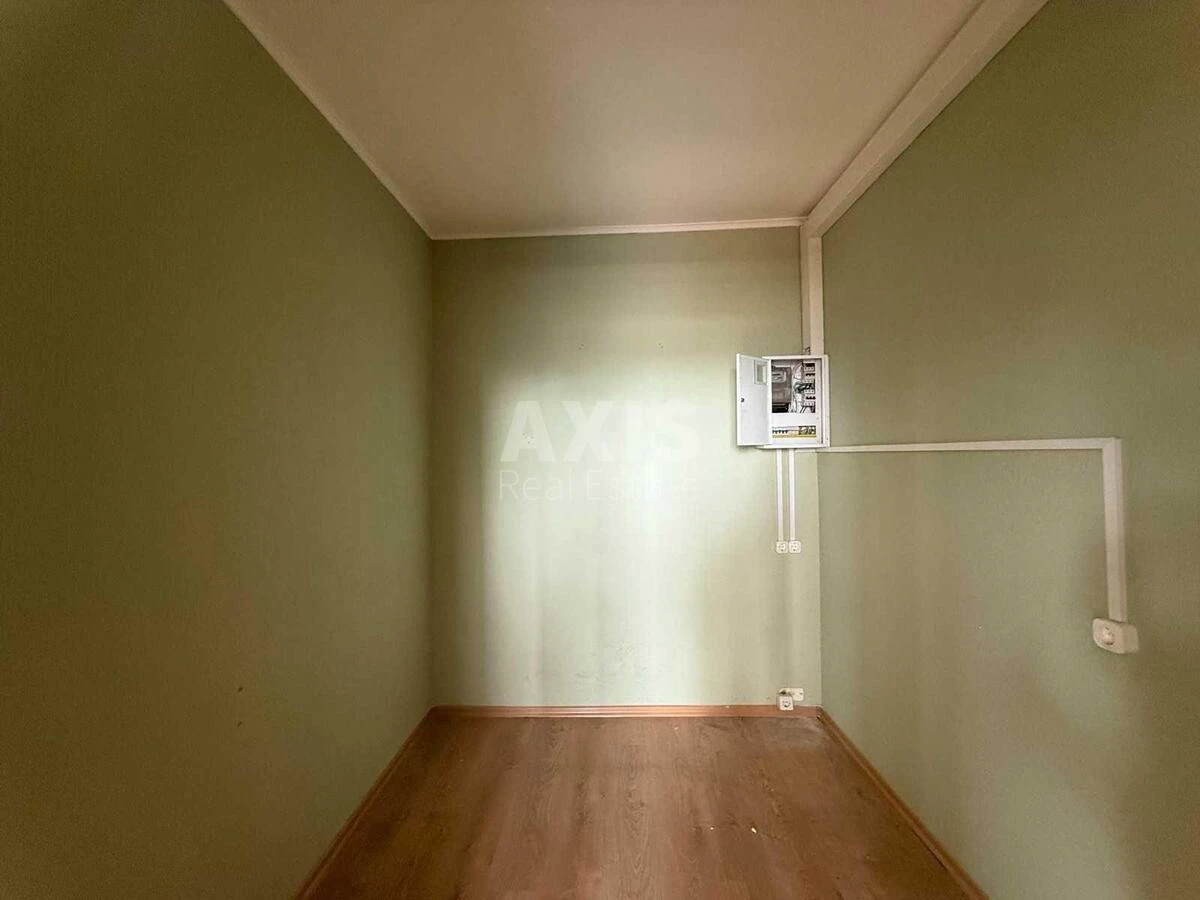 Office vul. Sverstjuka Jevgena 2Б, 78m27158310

---

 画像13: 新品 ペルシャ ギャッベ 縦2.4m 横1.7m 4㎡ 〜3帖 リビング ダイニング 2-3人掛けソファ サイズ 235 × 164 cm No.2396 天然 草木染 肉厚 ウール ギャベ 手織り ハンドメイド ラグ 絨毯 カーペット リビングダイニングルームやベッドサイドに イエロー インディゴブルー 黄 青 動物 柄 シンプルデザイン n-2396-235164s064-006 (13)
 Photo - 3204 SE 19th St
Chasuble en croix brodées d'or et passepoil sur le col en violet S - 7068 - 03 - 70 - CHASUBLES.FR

---

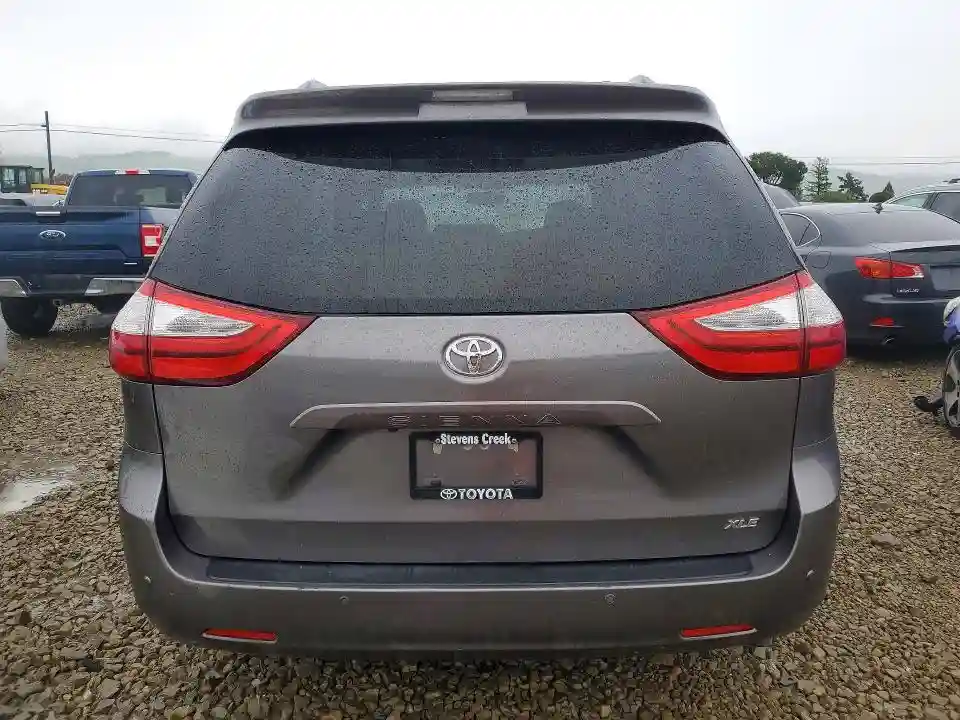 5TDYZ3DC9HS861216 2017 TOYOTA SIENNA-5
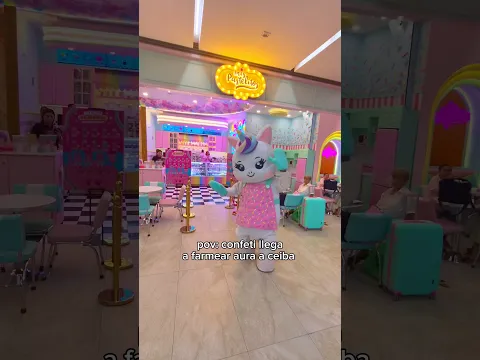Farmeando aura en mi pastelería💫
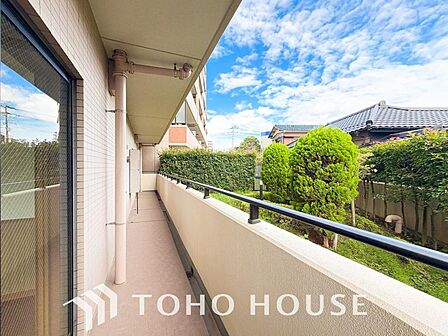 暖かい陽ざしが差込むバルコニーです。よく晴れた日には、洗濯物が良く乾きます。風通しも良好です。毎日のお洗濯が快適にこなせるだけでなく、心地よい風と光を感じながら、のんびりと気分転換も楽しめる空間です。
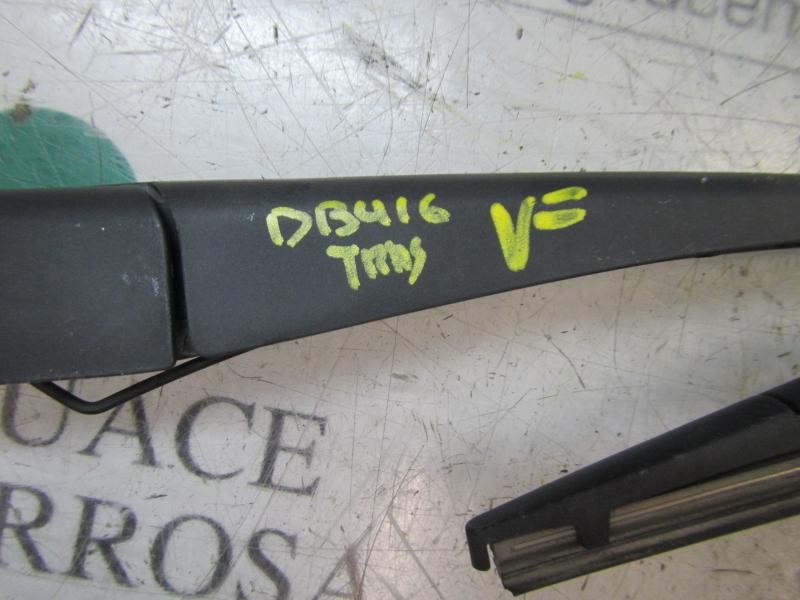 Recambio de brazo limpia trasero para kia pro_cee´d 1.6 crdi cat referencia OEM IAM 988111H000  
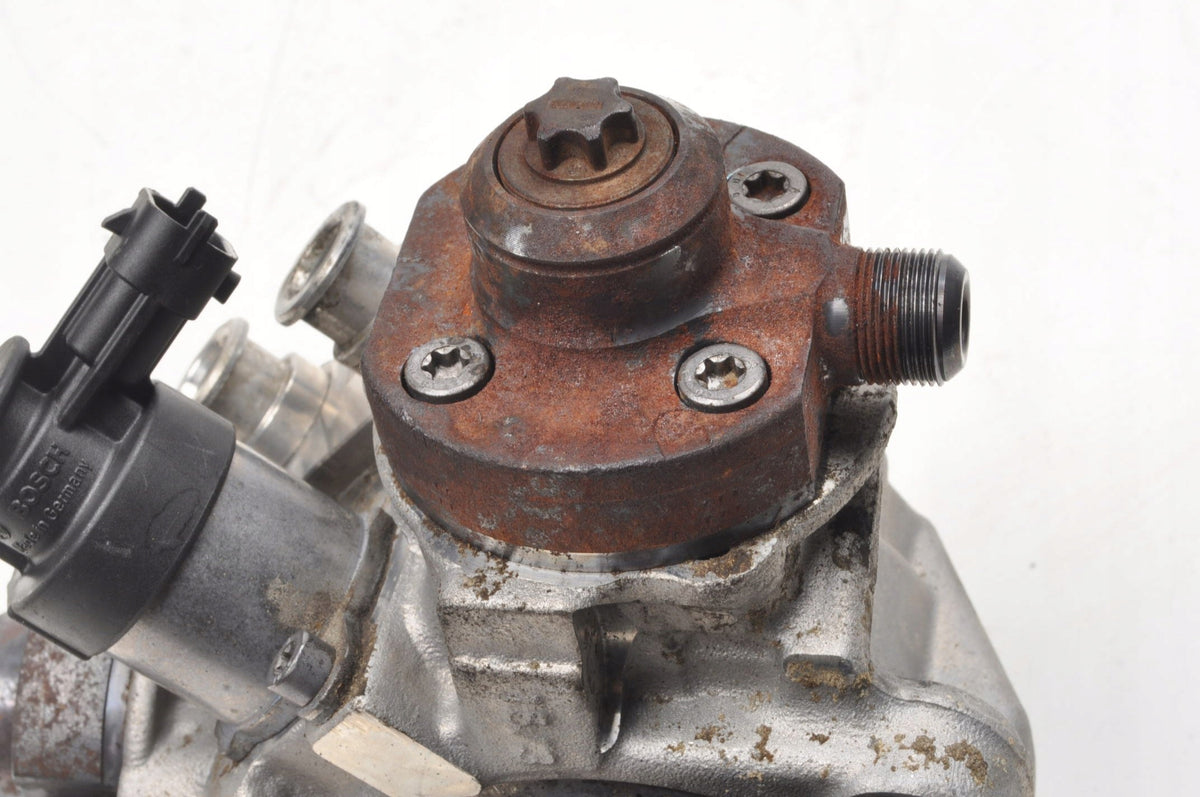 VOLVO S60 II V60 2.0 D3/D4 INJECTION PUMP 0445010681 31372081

---

### PROBLEM STATEMENT:
All lines in the listing above between the line with "画像13: 新品 ペルシャ" and the line with "Photo - 3204 SE 19th St", inclusive, should be set down exactly, and no line outside that range.

### REPLY:
 画像13: 新品 ペルシャ ギャッベ 縦2.4m 横1.7m 4㎡ 〜3帖 リビング ダイニング 2-3人掛けソファ サイズ 235 × 164 cm No.2396 天然 草木染 肉厚 ウール ギャベ 手織り ハンドメイド ラグ 絨毯 カーペット リビングダイニングルームやベッドサイドに イエロー インディゴブルー 黄 青 動物 柄 シンプルデザイン n-2396-235164s064-006 (13)
 Photo - 3204 SE 19th St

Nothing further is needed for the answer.